__WHAT TO PRODUCE__: When the line containing "Foto del edificio - 4633 N 8th Pl" appears in the data below, begin copying there and stop only after the line containing "Used 2018 Cadillac".

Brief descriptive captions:
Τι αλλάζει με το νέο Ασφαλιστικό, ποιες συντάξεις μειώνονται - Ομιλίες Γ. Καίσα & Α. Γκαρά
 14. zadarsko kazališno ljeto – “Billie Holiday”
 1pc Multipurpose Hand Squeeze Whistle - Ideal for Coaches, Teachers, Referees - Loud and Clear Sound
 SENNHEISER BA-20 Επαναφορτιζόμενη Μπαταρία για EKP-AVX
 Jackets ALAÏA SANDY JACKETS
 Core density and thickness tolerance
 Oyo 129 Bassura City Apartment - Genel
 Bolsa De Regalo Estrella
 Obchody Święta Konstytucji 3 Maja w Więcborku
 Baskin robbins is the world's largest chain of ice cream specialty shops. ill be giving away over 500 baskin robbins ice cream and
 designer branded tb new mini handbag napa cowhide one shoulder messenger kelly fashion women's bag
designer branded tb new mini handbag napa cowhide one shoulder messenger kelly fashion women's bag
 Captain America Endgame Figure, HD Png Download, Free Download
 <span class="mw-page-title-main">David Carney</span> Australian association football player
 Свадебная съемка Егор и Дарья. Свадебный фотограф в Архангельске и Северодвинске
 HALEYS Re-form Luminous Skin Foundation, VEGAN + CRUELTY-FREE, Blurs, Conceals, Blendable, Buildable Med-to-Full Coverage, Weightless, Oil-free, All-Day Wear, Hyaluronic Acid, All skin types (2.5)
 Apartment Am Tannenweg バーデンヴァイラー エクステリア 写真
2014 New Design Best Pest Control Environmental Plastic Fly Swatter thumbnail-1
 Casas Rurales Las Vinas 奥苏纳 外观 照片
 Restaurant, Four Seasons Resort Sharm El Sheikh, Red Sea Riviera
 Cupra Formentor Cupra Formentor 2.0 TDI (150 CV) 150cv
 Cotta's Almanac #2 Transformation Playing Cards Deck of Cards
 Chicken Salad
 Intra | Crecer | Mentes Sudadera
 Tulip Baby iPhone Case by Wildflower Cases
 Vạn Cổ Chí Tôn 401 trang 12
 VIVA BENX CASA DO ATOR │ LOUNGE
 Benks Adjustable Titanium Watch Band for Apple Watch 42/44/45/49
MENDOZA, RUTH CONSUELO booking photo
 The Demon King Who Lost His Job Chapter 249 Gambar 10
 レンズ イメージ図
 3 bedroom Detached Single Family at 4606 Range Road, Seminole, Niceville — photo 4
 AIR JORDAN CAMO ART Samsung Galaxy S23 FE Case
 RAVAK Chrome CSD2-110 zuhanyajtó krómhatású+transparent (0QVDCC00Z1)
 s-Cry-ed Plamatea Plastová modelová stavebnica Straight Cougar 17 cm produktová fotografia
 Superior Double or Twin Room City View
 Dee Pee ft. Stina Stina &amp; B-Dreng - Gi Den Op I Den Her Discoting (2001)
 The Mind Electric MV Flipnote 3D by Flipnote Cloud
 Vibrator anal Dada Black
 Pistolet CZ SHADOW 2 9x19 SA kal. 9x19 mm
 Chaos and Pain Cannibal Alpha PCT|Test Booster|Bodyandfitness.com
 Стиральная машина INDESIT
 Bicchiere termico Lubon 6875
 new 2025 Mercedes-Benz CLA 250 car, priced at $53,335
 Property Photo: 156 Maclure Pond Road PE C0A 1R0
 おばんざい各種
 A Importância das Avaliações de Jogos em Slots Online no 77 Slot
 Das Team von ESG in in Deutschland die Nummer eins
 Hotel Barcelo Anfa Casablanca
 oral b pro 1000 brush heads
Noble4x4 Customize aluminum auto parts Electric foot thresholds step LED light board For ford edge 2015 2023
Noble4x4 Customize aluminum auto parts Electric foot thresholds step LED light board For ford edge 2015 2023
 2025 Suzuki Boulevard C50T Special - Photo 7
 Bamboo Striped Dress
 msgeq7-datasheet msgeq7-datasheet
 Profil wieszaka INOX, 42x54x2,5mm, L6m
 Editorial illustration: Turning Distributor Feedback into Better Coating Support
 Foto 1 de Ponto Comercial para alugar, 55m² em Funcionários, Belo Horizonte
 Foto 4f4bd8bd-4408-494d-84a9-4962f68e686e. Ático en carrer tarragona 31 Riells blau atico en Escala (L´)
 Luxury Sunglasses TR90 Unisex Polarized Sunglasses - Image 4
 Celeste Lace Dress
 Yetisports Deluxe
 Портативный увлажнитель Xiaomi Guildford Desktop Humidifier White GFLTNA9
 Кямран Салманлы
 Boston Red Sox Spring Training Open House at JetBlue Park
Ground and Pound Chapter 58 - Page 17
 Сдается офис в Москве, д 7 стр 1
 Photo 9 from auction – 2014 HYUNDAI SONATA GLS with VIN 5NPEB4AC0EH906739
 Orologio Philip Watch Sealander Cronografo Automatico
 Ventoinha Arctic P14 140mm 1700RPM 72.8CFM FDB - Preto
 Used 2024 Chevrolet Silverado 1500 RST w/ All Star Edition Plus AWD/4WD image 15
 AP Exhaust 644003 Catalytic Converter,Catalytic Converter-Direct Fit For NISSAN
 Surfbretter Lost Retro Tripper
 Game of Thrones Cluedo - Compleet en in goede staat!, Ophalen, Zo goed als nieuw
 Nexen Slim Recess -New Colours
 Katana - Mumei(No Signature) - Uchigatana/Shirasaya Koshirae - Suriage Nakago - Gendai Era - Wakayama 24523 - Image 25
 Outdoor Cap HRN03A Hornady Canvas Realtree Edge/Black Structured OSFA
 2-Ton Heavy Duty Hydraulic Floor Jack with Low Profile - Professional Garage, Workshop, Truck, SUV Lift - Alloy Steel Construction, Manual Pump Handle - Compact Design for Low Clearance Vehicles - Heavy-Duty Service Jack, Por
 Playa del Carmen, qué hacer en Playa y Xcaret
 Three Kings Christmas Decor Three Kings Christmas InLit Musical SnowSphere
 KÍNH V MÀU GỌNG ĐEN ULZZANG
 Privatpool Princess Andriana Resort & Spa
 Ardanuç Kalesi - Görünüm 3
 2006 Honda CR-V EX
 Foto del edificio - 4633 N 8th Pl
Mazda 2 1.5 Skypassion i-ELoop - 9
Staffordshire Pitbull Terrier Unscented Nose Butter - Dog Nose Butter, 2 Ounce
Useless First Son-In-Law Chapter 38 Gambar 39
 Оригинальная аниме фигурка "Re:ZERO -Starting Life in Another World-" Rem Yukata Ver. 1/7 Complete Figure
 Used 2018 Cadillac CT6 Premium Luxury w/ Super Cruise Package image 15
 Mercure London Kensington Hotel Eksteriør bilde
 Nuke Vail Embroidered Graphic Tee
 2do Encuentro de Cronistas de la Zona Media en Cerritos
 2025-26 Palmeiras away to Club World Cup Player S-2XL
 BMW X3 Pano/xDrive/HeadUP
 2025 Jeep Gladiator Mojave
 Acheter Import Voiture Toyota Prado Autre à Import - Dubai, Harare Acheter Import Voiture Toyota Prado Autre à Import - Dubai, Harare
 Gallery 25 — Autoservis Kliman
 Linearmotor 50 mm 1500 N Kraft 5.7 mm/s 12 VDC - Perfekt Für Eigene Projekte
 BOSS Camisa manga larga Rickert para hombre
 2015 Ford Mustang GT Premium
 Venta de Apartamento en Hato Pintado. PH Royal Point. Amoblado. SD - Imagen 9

__EXERCISE ANSWER__:
 Foto del edificio - 4633 N 8th Pl
Mazda 2 1.5 Skypassion i-ELoop - 9
Staffordshire Pitbull Terrier Unscented Nose Butter - Dog Nose Butter, 2 Ounce
Useless First Son-In-Law Chapter 38 Gambar 39
 Оригинальная аниме фигурка "Re:ZERO -Starting Life in Another World-" Rem Yukata Ver. 1/7 Complete Figure
 Used 2018 Cadillac CT6 Premium Luxury w/ Super Cruise Package image 15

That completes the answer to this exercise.